Dear diary, long time I never write you right. I know I just busy with writing and Yogyakarta will finish today. All day I will make it done, then continue to the last destination Malang and bonus spot Bromo Mountain. Because one city, the page until 50 pages, it will much pages and it will not good for guide book right.

Dear diary, a few days was like hell in my activity. Once again, someone made me cry and cry never end. I know I am still innocent and stupid sometimes, but I never think someone will do like that with me. Misunderstanding and Miscommunication it should be not like that. What should I do to fix it and make my project clear and done. But I will never give up to ask my sponsor to finish the agreement. Whatever the sponsor mind, I will never give up and done my project I did last year.
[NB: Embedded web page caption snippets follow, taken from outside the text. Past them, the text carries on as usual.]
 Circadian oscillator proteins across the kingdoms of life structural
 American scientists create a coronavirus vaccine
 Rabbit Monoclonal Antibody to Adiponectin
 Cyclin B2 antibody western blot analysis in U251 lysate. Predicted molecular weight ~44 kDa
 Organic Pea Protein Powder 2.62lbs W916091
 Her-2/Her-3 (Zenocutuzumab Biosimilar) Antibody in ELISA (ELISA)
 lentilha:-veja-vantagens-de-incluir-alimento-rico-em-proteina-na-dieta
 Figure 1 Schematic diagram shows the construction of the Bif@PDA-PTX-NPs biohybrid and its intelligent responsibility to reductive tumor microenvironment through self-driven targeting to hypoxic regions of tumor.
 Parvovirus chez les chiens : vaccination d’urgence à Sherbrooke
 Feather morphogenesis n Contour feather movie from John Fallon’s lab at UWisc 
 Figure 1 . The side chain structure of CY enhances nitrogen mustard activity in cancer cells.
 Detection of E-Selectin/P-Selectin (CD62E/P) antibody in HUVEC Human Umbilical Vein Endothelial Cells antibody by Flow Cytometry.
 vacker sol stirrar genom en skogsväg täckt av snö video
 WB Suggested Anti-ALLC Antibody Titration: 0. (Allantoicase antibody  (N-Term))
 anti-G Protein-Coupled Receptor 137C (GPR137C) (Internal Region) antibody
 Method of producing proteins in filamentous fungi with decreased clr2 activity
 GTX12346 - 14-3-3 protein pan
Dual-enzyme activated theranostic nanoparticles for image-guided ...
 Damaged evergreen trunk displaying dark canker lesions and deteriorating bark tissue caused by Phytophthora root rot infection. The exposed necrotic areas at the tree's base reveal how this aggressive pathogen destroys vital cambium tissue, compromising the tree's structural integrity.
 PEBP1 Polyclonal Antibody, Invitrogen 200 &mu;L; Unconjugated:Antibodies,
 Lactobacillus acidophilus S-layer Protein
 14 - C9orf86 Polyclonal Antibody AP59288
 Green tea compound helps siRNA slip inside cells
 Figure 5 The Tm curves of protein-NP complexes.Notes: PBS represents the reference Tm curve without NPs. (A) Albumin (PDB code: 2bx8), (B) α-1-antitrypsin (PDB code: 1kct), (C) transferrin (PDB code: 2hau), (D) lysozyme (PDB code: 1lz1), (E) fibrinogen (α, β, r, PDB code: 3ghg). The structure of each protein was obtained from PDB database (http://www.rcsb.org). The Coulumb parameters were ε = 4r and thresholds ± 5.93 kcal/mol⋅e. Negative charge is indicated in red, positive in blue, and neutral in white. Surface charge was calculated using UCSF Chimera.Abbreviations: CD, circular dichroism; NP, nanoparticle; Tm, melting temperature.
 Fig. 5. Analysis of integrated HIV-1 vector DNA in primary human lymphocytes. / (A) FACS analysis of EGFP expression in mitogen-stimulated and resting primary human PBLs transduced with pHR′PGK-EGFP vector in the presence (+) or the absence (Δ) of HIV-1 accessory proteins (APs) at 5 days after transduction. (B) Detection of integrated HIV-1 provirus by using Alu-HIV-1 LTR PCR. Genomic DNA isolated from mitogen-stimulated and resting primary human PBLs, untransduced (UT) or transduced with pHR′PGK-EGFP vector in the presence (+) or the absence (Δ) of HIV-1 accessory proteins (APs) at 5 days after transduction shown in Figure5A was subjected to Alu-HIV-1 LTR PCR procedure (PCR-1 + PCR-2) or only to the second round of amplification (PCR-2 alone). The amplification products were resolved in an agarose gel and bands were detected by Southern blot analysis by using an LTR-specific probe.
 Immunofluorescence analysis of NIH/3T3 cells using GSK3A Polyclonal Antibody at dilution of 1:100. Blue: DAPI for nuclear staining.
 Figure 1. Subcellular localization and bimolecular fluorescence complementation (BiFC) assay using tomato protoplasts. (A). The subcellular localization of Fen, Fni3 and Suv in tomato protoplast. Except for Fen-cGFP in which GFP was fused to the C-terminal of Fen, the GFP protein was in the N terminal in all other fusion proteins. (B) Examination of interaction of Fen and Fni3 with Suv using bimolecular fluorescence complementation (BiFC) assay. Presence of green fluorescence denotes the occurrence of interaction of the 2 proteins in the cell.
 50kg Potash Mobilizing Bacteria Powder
Dear diary, some people think my life is like fairy tale but honestly my life is like hell. That is what I feel now. I know maybe I seldom go to church anymore, I seldom read Bible anymore and the devil win me and make me fall down in the deep hole. I can't see light in my life. But that is not making me give up. Today, I wake up and ask forgiveness to God and read Bible. The most chapter I like when I feel down is





Psalm 23 The Lord is my Shepherd
 The Lord is my shepherd; I shall not want.
He maketh me to lie down in green pastures: he leadeth me beside the still waters.
He restoreth my soul: he leadeth me in the paths of righteousness for his name's sake.
Yea, though I walk through the valley of the shadow of death, I will fear no evil: for thou art with me; thy rod and thy staff they comfort me.
Thou preparest a table before me in the presence of mine enemies: thou anointest my head with oil; my cup runneth over.
Surely goodness and mercy shall follow me all the days of my life: and I will dwell in the house of the Lord for ever.
This chapter make me feel little better, I am not afraid because God will care of me. But I don't know why and when; But I do believe His has good plan for me. I never doubt it, ups sometimes I doubt it because I am normal. Don't doubt God because your own thinking, but I am normal, I am human who has negative thinking too. What should I do? What should I think? 


What about me? Does God forget about me?

Close to God is one way to make my spiritual back and make my feeling better. Although this is way is not easy and difficult to do. When your hope gone and doubt in your mind. Ah God, I wish I am strong and I wish I can do the best to find the way out to this problem.

Dear God, I want feel disappointed because I did rejected some jobs which come to me. But this time, I need it, please help me find one best job with good salary and also please help me to make my small shopping online get better. So, I still survive in big city because You never leave me alone, like people and some friends did it to me. Because I don't have anything anymore. I am broke, including my sponsor leave me because my sponsor I blew everything.